The Federal Government’s failure to extend mobile access in the bush is a major weakness in the Government’s NBN strategy, according to two members of the Government Regional Telecommunications Independent Review Committee (RTIRC).

Addressing a public symposium on the NBN at the University of Canberra, telecommunications consultant Robin Eckermann said the NBN rollout was fixated on fixed-line services, which he said were “only one of the pillars of digital economy”.
An equally critical pillar was mobile phone use – especially in regional and rural areas, he said.
RTIRC's chair, Rosemary Sinclair, concurred, telling iTnews that mobile coverage was the number one issue that people in rural areas are concerned about.
Eckermann said that because mobile coverage is commercially driven, coverage "just dies away" on the fringes of populated areas, as well as on remote sections of major highways.
Mobile connectivity could be a matter of "life or death" for people transiting those blackspots, and that this was an even greater market failure than broadband access in Australia, he said.
“So we have market failure in an area that is pretty important to the digital economy and there’s no strategy for addressing that,” Eckermann said.
“The Government basically said it would think about it some more in the light of what the NBN does.”
In March this year the RTIRC urged the Government to give priority to expanding mobile coverage in parts of regional Australia where it is not considered commercially viable to do so. (pdf)
It recommended that NBN’s wireless towers form part of a solution co-funded by the Commonwealth and interested state or territory governments to expand the mobile coverage footprint in regional Australia, focusing on priority locations selected with community input.
The Government has indicated it is in favour of tower sharing (pdf), though Sinclair said that by itself, tower sharing is not enough to solve mobile woes in the bush.
Sinclair sought a demand-driven, region-by-region solution in a review she spearheaded for RTIRC earlier this year.
Eckermann estimated that a $1 billion investment could fund 2000 towers that would offer mobile coverage to over 200,000 kilometres of Australia’s regional roads as well as corridors of communities within 40 kilometres of those towers and byways.

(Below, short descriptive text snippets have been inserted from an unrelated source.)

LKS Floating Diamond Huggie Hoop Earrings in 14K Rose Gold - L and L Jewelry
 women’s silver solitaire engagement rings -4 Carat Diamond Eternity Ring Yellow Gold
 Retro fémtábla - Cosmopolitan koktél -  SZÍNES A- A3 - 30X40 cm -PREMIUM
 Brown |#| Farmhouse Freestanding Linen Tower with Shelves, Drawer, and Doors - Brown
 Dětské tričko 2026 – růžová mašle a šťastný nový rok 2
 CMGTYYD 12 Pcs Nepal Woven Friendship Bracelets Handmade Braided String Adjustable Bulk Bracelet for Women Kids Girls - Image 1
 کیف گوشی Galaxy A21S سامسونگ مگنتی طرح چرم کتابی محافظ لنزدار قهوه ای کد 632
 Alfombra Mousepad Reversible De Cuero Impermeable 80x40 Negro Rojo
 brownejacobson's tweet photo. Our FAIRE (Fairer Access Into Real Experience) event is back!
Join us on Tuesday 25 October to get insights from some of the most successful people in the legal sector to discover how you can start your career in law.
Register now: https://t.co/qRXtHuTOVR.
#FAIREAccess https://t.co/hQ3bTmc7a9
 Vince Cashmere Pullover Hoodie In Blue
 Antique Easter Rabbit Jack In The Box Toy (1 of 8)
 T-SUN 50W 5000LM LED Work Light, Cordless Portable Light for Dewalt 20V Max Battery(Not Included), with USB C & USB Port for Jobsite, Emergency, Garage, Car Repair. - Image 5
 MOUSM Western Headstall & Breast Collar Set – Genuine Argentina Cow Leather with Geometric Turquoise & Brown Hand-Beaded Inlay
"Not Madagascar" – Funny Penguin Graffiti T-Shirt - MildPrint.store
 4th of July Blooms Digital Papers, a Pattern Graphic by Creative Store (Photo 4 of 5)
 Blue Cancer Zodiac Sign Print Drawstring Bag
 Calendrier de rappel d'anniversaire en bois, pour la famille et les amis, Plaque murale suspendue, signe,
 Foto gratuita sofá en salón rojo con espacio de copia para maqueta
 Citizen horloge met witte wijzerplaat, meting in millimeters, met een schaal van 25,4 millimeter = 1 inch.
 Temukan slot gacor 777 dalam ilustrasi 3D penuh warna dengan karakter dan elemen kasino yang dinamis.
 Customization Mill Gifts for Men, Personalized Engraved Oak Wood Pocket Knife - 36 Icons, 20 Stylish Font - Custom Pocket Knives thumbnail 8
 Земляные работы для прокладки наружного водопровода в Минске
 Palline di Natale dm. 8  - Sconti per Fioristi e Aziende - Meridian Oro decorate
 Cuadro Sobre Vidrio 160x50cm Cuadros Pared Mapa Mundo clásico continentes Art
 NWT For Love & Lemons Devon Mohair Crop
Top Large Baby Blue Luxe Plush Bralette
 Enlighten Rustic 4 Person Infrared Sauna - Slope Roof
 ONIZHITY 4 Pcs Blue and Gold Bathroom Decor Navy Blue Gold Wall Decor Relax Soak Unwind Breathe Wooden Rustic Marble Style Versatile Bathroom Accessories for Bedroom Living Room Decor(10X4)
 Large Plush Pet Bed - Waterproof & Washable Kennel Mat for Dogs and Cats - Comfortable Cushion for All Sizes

He conceded that expanding the NBN strategy to encompass mobile phone coverage could take NBN Co beyond its layer 2 remit, and that it would also have an impact on Telstra.
“But the reality was that Telstra would not invest in such [regional and rural network] extensions without a subsidy," he said.
Eckermann said other models had been launched in some areas such as Western Australia, where additional mobile coverage was funded by a “mining dividend”. The program produced 113 extra towers, though they are owned and operated by Telstra.
Sinclair believed it was only a matter of time before mobile shortfalls in regional and rural areas were addressed in policy.
“It will get up eventually because it such a hot issue," she said. "It’s not going to go away".